When Queen took to themselves to Montreal’s Forum in the last days of their The Game Tour, the thought that the band would only do four more tours, and one huge, seismic event at Wembley as part of Live Aid in 1985 would have sounded preposterous; this was surely a band that would go into the next decade and beyond as arguably the headline act from Britain to which everyone would want to see over and over again.
Time is not perfect, it has no emotional ties to how we think, it is just a perception of will and memory, and when your understanding comes from a period when you were too young to fully grasp the enormity of finality, of just how quickly fate can decide that love and beauty will ever be seen in the same way ever again.

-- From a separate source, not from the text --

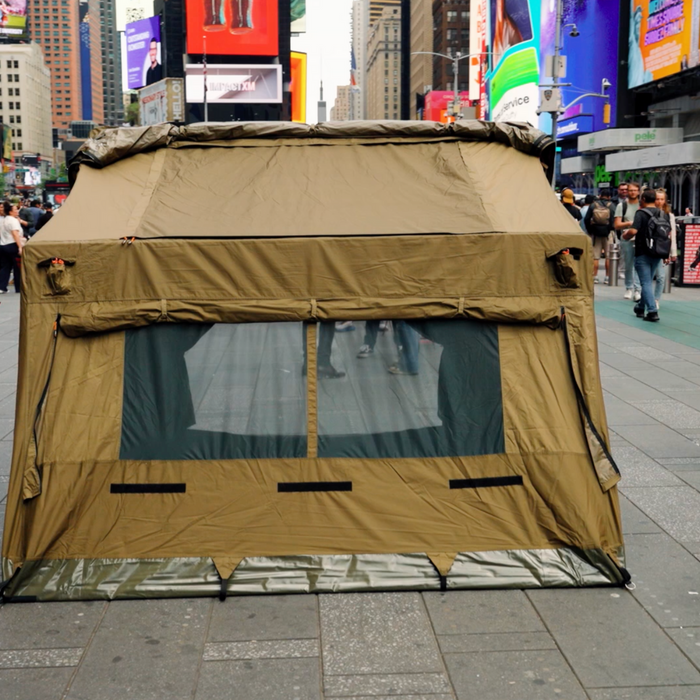 Oztent Goes To Times Square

The relish in which Queen Rock Montreal comes over the airwaves is that passionate reminder of just how cool, how theatrical the band could be when placed under the spotlight, just how insanely cohesive and interconnected they were, and in each song that was played inside the Forum that connection takes on such a resonance, that aside from the emotional filled evening at Wembley and the atmospheric ride that ensued, the live set at Montreal is possibly the best example of the group in all their pomp and ceremony to be captured on vinyl.
Jealousy is an ugly and useless emotion, but the listener cannot but feel the urgency of covetousness as the lengthy set is given its rightful place in the Canadian city, and as We Will Rock You, Play The Game, Killer Queen, Roger Taylor’s magnificent vocals on I’m In Love With My Car, Dragon Attack, the subtle crowd pleaser of the Leiber and Stoller cover of Jailhouse Rock, and Sheer Heart Attack flood the emotional barriers to an overwhelming place to where someone sailing on the nearby St. Lawrence River would feel the groove swelling the water underneath them an prepare themselves for a tsunami of rock to overpower them.
Queen Rock Montreal maybe a reissue for the crowd tantalised by the 180g phenomenon, but at its heart it is a reminder of the grace and the scintillating passion at the heart of one of the world’s most powerful onstage performers.